Mais, des preuves pour faire quoi au Gabon, pays dans lequel, ainsi que précisé plus haut par Me Méré, il n’existe aucune disposition juridique. Il est pourtant légitime de faire cesser le harcèlement sexuel en portant le problème devant les supérieurs hiérarchiques de l’entreprise ou devant les autorités judiciaires. Mais comment établir la véracité des faits. Ainsi qu’on l’a vu dans de nombreux exemples, la plaignante ou le plaignant manque souvent d’éléments pour attester les faits qu’on voudrait faire cesser ou voir réparés. Comment donc prouver des gestes ou des paroles lubriques, surtout lorsque la loi n’a pas clairement défini ce qu’est le harcèlement sexuel ? Dans d’autres pays, notamment la France qui a souvent servi de modèle à la justice gabonaise, le harcèlement sexuel est juridiquement reconnu comme un délit. Il est réprimé par le code du travail et par le code pénal.

Le problème juridique tient toujours de l’absence d’élément matériel et de la possibilité de quiproquos ou de mauvaise interprétation de propos ambigus. Une décision rendue en mai 2007, par la Cour de cassation en France, reconnaît que l’usage d’un SMS envoyé par le harceleur est de nature à établir la réalité des faits. Ce qui pourrait également servir au Gabon. On peut également, solliciter le témoignage de quelques collègues. Mais, dans la plupart des cas, le harceleur étant un supérieur hiérarchique, les collègues de travail, craignant pour leur emploi refusent souvent de témoigner.
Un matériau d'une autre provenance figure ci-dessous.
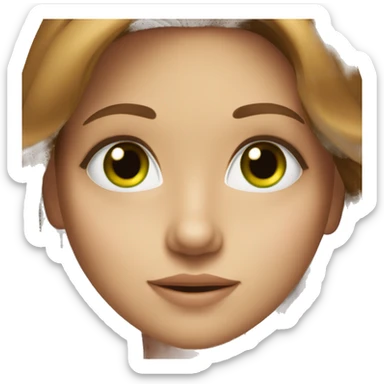 girl with long brown hair and green eyes and lashes and small nose sticker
«Le harcèlement sexuel n’étant pas prévu par le code pénal gabonais, le tribunal jugera l’harceleur en invoquant les infractions de catégorie 3 du code pénal», poursuit l’officier de gendarmerie sus cité, avant d’ajouter : «Ce sont des délits assimilés qui serviront à juger le prévenu. Car le code pénal contient des dispositions sur « l’atteinte à l’honneur », « l’atteinte à l’intégrité morale » ou même « le harcèlement moral ».» Il s’agit là de ce que Me Fabien Méré nomme les délits connexes qui sont les seuls sur la base desquels le harcèlement sexuel peut être porté devant les tribunaux.

La plainte devant le tribunal étant l’étape ultime pour faire cesser un harcèlement, la victime (ou témoin) de harcèlement sexuel peut commencer par adresser aux représentants du personnel de son entreprise. Ceux-ci peuvent trouver de voies et moyens pour une conciliation devant garantir l’harmonie au sein de l’entreprise ou de l’administration.

Les entreprises et administrations publiques pourraient en effet réaliser des actions d’information et de sensibilisation des salariés sur les différentes formes d’abus d’autorité en matière sexuelle dans les relations de travail ; mettre en place une procédure interne visant à assurer un recours aux personnes victimes de harcèlement sexuel : nomination de la ou des personnes habilitées à recevoir la plainte de l’intéressé(e) et à tenter de résoudre le conflit, le cas échéant avec un membre de la direction. Il y va de la bonne marche de l’administration ou de l’entreprise et de l’harmonie entre ses différents acteurs. Sans pour autant condamner ou interdire la drague, dans les normes, en milieu de travail, chacun devrait comprendre que le marché de la rencontre est plus vaste et plus fourni à l’extérieur du milieu professionnel qu’il est déplorable de s’en priver pour s’acharner sur un(e) collègue qui a de bonnes raisons de préserver sa dignité. Le changement sera individuel ou il ne sera pas.